I don’t know how the mechanic was resolved logistically. It would have to be easy to redeem the offer. If you’re on Facebook it’s not that likely you’re in Taco Bell right then or perhaps even in the frame of mind for a taco. You might see the offer but unless it’s promoted in-store and can be obtained and redeemed at the point of transaction then there’s sufficient friction that customers (fans) are less likely to follow through with the process. It doesn’t take an expert in ethnography or service design to see that printing a voucher at home and remembering to take it next time you get a taco is a bit clunky.
On the one hand there’s a lawsuit alleging your food is only 50% beef and at the same time you’re offering it up for free. What does that say about the quality and the value you place on your product? Does it display confidence in your taco or does it smack of desperation?
Like ≠ like
Perhaps we don’t actually care that much about the brands we like. Like has become a substitute for ‘join in’ on Facebook. In order to see or interact with content we have to Like it. We might not actually like the nrand but are just intruiged to see what the fuss is about – Like has become nothing more than a threshold. The freedom with which likes are handed out has devalued them; it was presumed that the peer pressure of being seen to like something you clearly wouldn’t would act as a moderator. For example, I might want to see what all the fuss is about Justin Bieber’s page but to like him would be to broadcast that to much derision amongst my friends. The reality is that I can hide this like instantly to spare my blushes but still it counts as another positive vote for the precocious little twerp. Many of those 6m Taco Bell fans aren’t real fans then, they’re just people who had a passing interest or were perhaps mindlessly clicking away on anything they recognised. What would scarcity do to modify this behaviour? Perhaps if we could only issue three likes per week we might think more careful about where we used them.
They just didn’t see it
Data at AllFacebook.com suggests that the magic of EdgeRank (Facebook‘s ostensibly-intelligent method of prioritising content for you) means that only 3%-7.5% of fans actually see business page posts in their feed. The reasons for this are not entirely understood (Edgerank isn’t transparent) but brands that are posting infrequently or with low-engagement content for example aren’t going to be helping themselves.
But but but…
What about those people that did take up the offer and do see the posts? Their numbers may be small but are these the mavens and connectors, the influencers? Before we entirely dismiss the idea of the fan we should at least acknowledge the benefits of the engaged superfan.
Part of the problem is that Facebook’s irritatingly quantifiable. Chief Marketing Officers and their subordinates can hang their targets on tangible numbers – more fans, beat our competitors, more likes than last year etc. etc. This is data they can see daily, it’s not something they need to commission research for or wait until the next quarter.

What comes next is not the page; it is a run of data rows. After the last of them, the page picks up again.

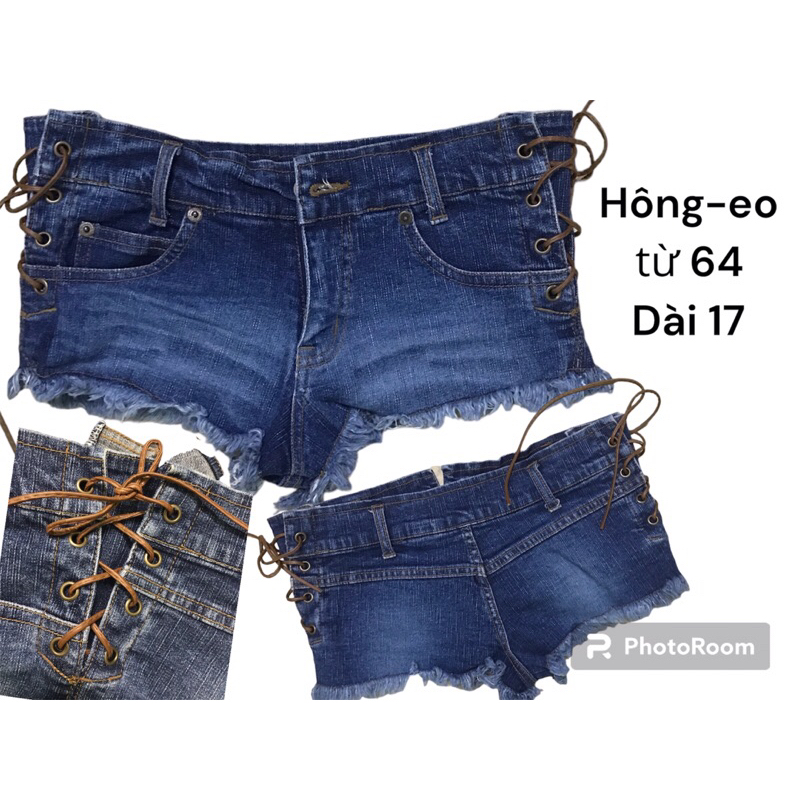 Short/ quần đùi nhiều style, brand 2hand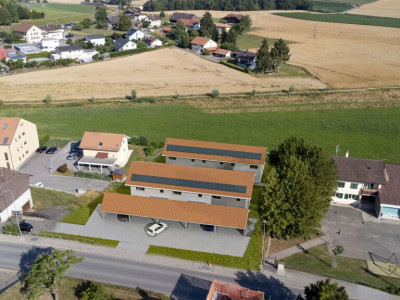 A vendre magnifique villa de 6,5 pces sur la commune de Léchelles image 6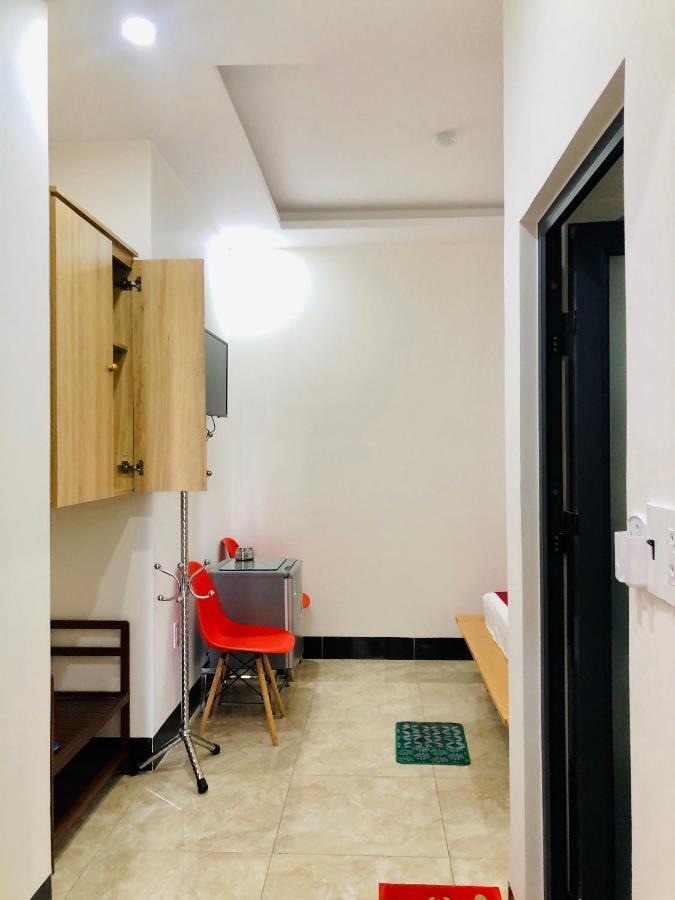 Aha Monaco Hotel بهان ثيت المظهر الخارجي الصورة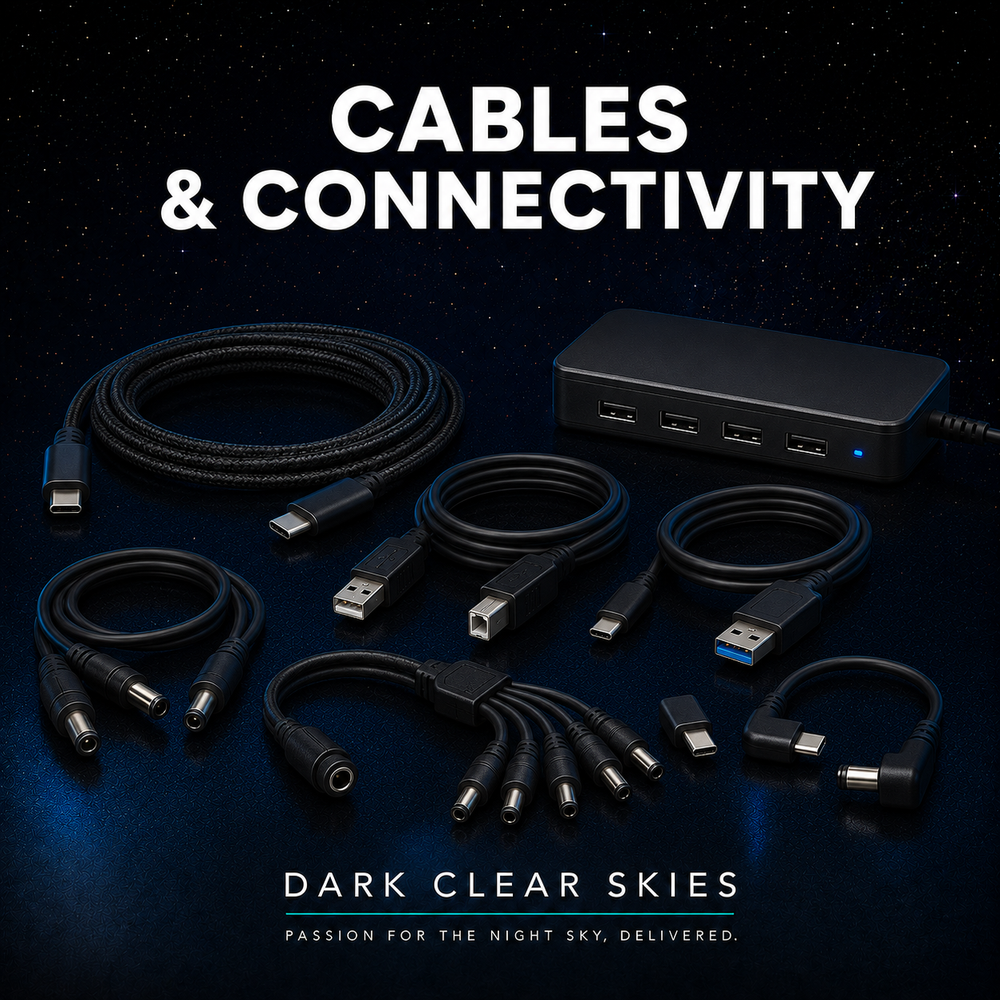 Cables & Connectivity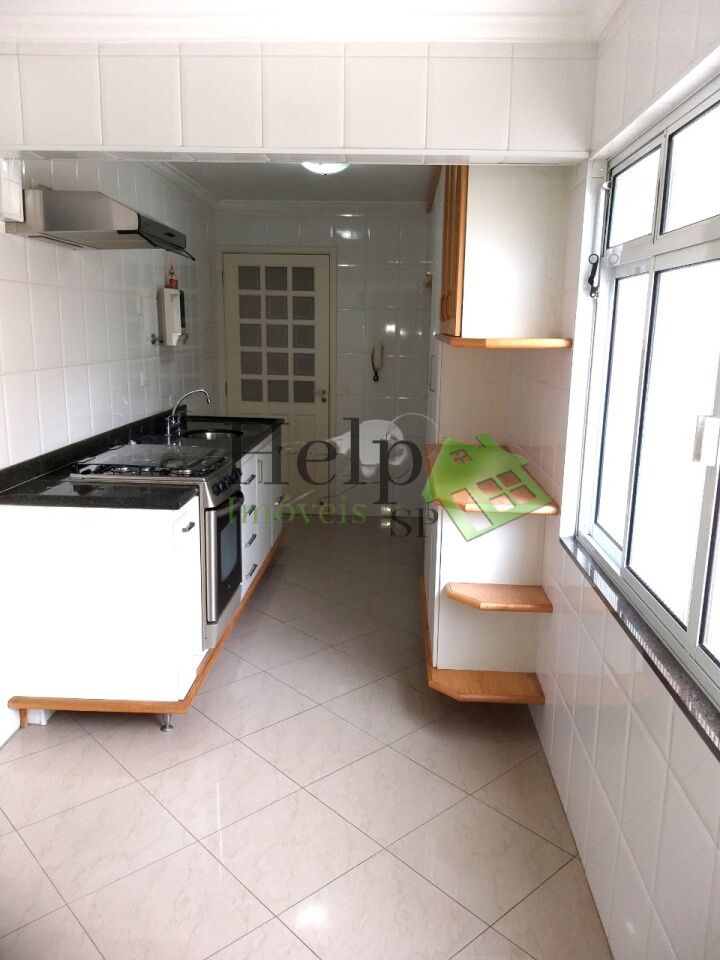 Apartamento para Locação - Vila Mariana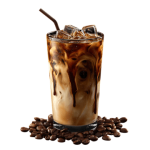 Mocha frappuccion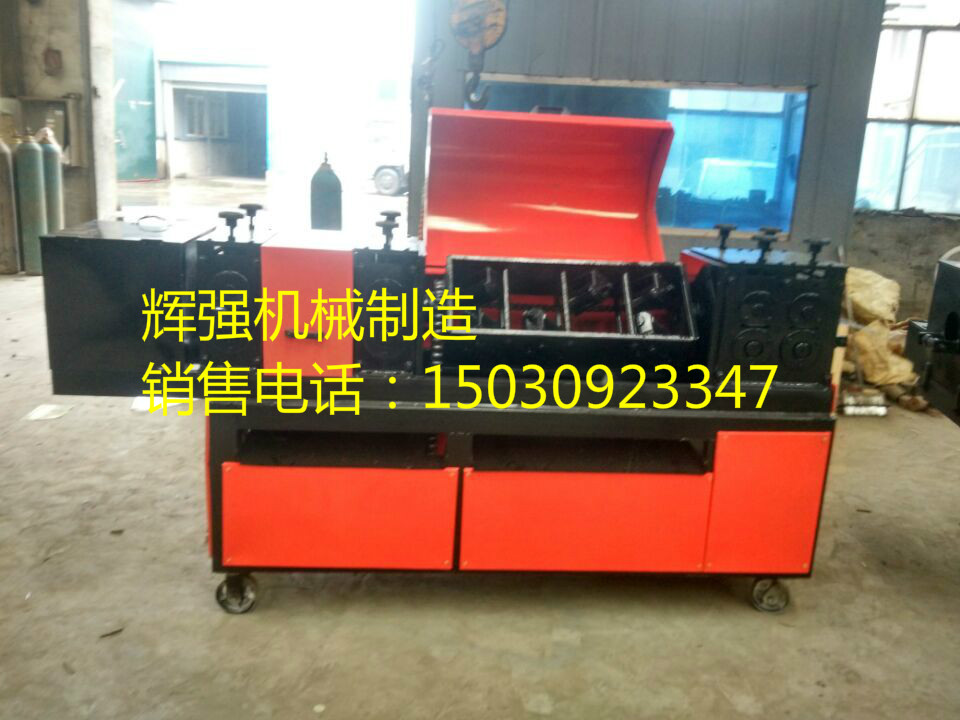 鋼管調(diào)直圖片/鋼管調(diào)直樣板圖 (3)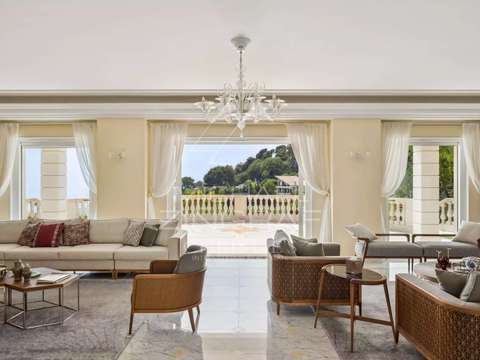 Vente maison 6 pièces Villefranche-sur-Mer 06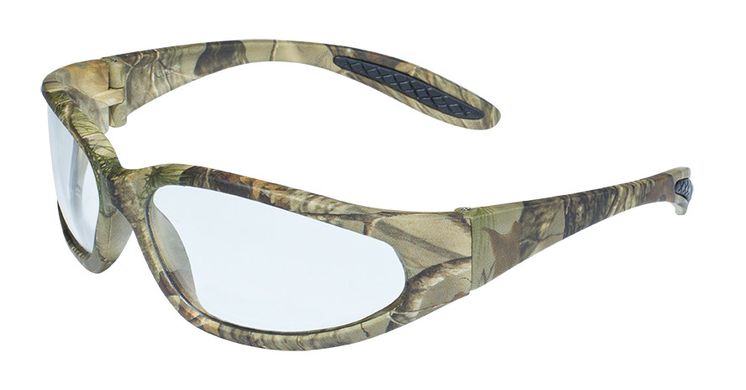Захисні окуляри Global Vision Forest-1 (clear) 1 купити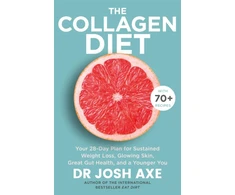 KNYGA Josh Axe Collagen Diet
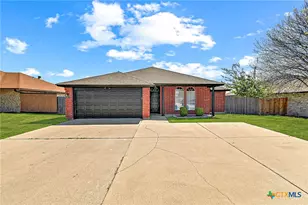 3610 Levy Ln, Killeen, TX 76542 - Photo 1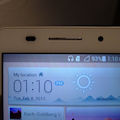 Huawei Ascend P6 w rękach TELEPOLIS.PL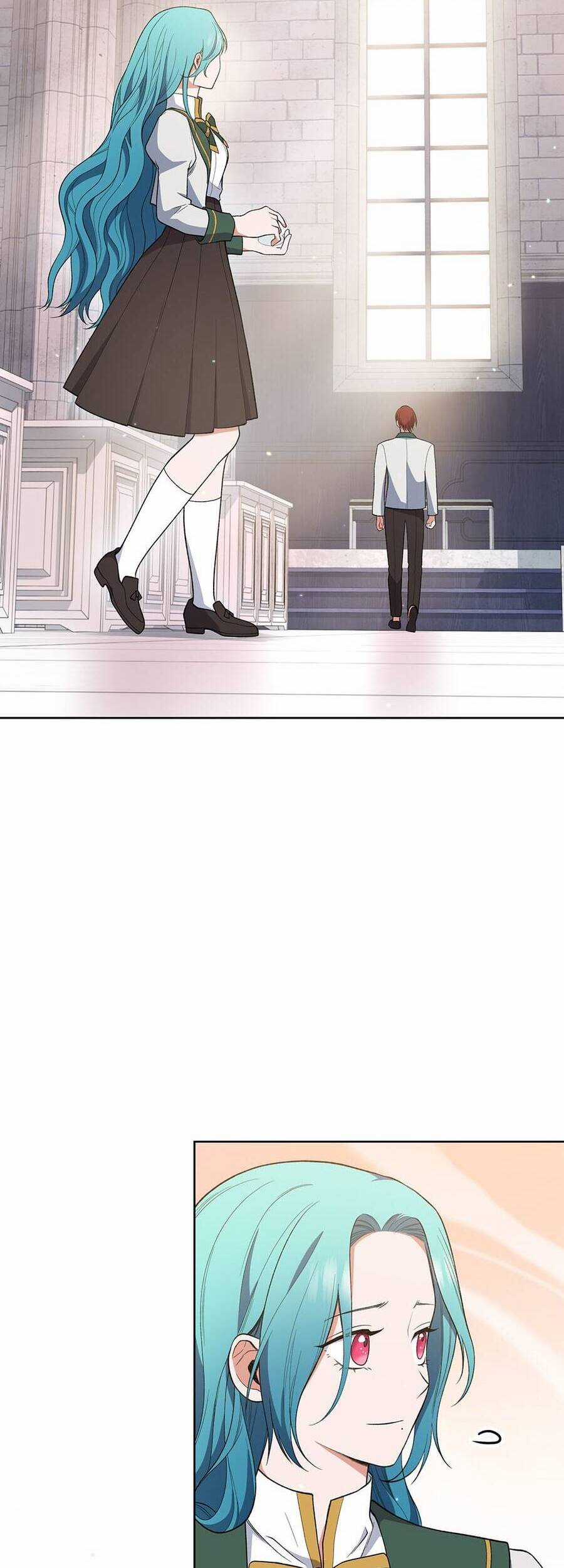 Nữ Đầu Bếp Hoàng Gia Chapter 59 trang 41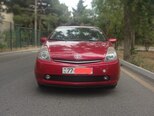 Toyota Prius-1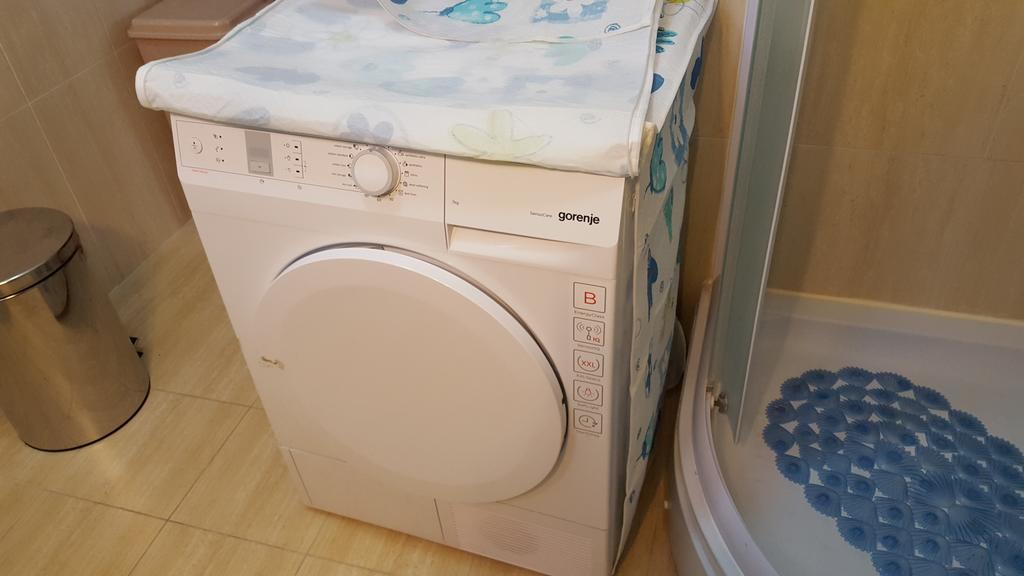 Apartman Magnolia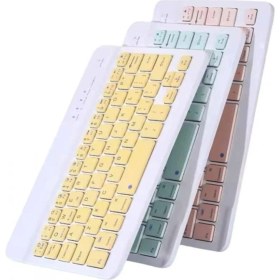 Resim MiraLive J330 Klavye 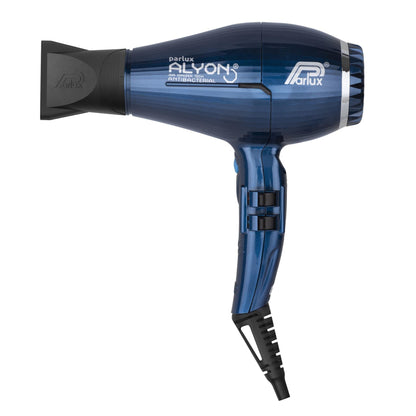 Parlux Alyon Air Ionizer Dryer 2250W - Midnight Blue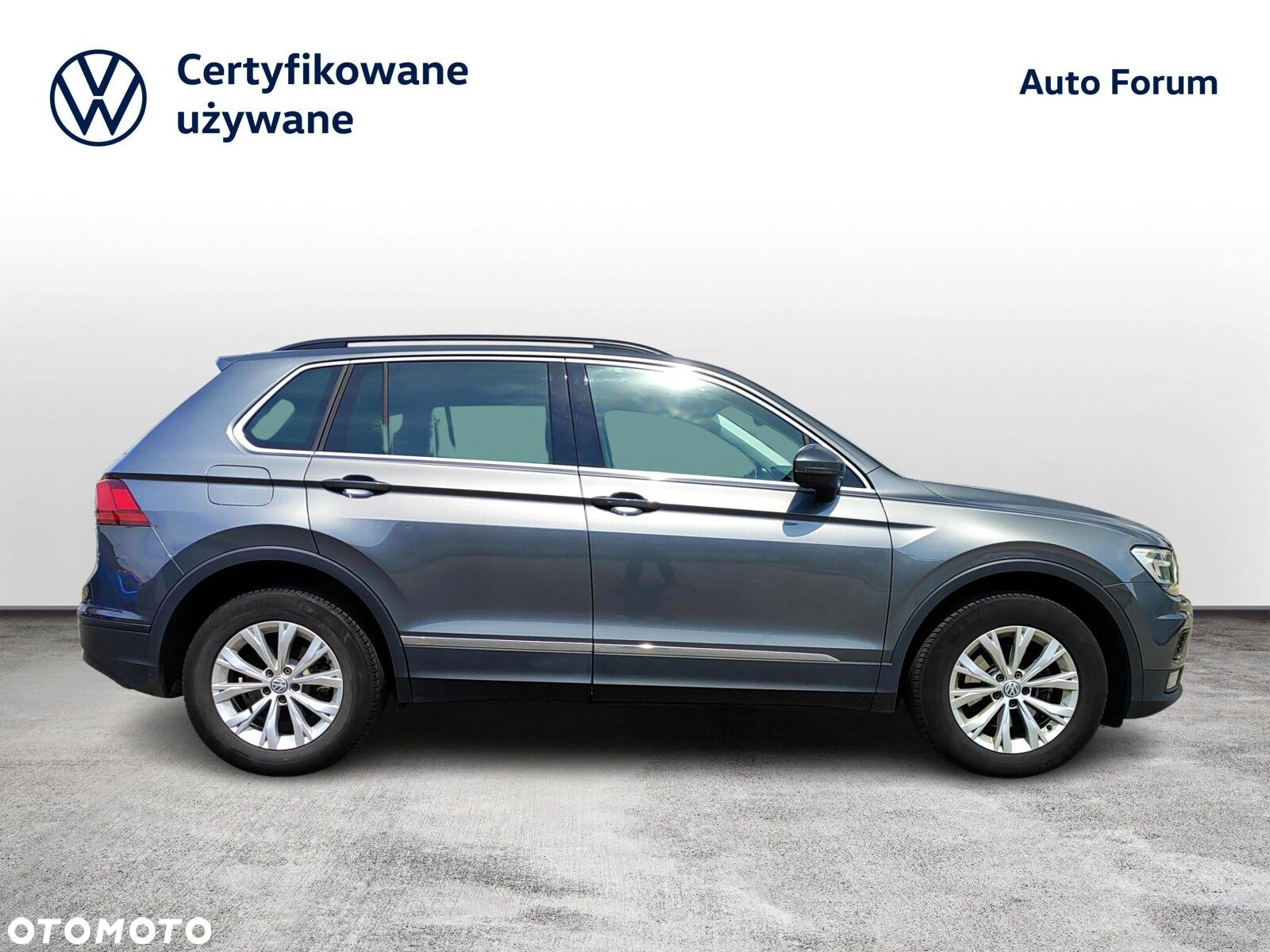 Volkswagen Tiguan - 6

He or she can log-in at home or in the office and beat their agency with a stick as the numbers rise and fall in real-time. Trouble is, the acquisition of these fans costs money (c. £10 per fan in marketing spend some say), even more when you’re honest and realise that something like 1/10 fans is likely to be a truly engaged one.
It’s because of these superfans that I’m reluctant to call bullshit on the whole Facebook thing. It’s still important to (ahem) fish where the fish are. There are plenty of us swimming about in the big blue sea, but just trying to get loads of us into your net and assuming we’ll all eat your taco… (this isn’t working is it?)
Let’s just teach some of this to our clients and make sure that proposals aren’t about numbers but are about genuine engagement, conversations that are acted upon and activities like voucher redemption are as free from friction as possible. Let’s not go around issuing desperate calls for people to share, let’s think instead about strong scarce engagement ideas for some brands and tactical offers in volume for others. I’m glad I’m surrounded by so many cynics, I just wish they’d wear better clothes.